Replication Package of XCoS

we conduct a series of experiments to evaluate the quality of the key steps of XCoS and the effectiveness and usefulness of XCoS by answering the following research questions.

RQ1 (Quality): What is the intrinsic quality of the results of the key steps of XCoS?
RQ2 (Effectiveness): How effective is XCoS in generating explanations for code search in terms of completeness, conciseness, and readability?
RQ3 (Usefulness): How useful is XCoS in helping developers during code search tasks?

RQ1 Quality of Key Steps

We respectively sample 384, 384 and 50 instances to evaluate the quality of concept identification and concept linking for description, and concept linking for code.

The sampled and annotated data can be found in the files: rq1-concepts, rq1-description_linkings, and rq1-code_linkings.

RQ2 Effectiveness for Generating Explanations

We ask 6 participants to evaluate the generated explanations on 10 tasks in terms of completeness, conciseness, and readability on a 4-points Likert scale (1-disagree; 2-somewhat disagree; 3-somewhat agree; 4-agree) by the following statements.

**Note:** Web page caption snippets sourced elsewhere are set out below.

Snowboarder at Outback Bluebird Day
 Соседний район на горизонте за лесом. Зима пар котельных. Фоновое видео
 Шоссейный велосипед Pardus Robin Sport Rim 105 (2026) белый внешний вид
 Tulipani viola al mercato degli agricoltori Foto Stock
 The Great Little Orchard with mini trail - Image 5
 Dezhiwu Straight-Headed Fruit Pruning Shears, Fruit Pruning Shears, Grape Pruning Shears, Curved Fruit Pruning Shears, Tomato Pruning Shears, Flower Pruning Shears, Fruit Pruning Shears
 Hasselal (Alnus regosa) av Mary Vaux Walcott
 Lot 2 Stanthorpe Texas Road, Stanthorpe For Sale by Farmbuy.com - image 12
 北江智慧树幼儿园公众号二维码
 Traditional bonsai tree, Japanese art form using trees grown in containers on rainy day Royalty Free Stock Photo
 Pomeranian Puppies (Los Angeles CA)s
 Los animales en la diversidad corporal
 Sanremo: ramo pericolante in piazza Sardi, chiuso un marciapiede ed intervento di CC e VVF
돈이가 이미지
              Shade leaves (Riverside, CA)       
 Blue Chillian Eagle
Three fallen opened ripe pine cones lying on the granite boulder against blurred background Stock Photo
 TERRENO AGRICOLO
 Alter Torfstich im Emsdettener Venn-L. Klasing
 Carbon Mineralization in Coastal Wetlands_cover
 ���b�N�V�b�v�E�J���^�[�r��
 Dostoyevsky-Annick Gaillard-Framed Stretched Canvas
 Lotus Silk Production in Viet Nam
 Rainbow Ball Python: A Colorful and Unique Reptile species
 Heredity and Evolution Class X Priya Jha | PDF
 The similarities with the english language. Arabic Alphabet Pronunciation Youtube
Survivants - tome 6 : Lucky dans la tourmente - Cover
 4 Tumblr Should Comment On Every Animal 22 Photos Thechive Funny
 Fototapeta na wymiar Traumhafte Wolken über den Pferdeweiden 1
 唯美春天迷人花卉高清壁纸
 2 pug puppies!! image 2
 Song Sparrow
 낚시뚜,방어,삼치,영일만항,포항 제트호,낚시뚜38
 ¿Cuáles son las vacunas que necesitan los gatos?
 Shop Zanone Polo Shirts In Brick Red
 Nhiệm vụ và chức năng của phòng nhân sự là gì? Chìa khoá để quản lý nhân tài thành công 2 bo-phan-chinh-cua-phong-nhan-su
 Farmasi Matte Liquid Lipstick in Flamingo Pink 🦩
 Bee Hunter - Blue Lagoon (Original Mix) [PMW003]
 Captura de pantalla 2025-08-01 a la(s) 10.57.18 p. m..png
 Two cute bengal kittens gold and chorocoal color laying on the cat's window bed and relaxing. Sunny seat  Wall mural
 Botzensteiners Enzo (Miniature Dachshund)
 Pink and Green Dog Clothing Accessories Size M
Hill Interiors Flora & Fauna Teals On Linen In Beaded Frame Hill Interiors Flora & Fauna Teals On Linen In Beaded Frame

Completeness. The explanations contain all the necessary information for explaining search results.
Conciseness. The explanations contain no (or very little) unnecessary or redundant information for explaining search results.
Readability. The explanations are well-organized and easy to understand.

The tasks and results can be found in Table 2 in our paper.

RQ3 Usefulness of XCoS

We divide the tasks into two roughly equivalent group TA (Task1, Task3, Task5, Task7, and Task9) and TB (Task2, Task4, Task6, Task8, and Task10). In each group, the number of tasks in easy, medium, hard level are 2, 2, 1 respectively. We divide 14 participants into two “equivalent” groups GA (A1-A7) and GB (B1-B7) and each group with 2 beginner, 3 intermediate, and 2 advanced.

The evaluation results can be found in the file: rq3-final.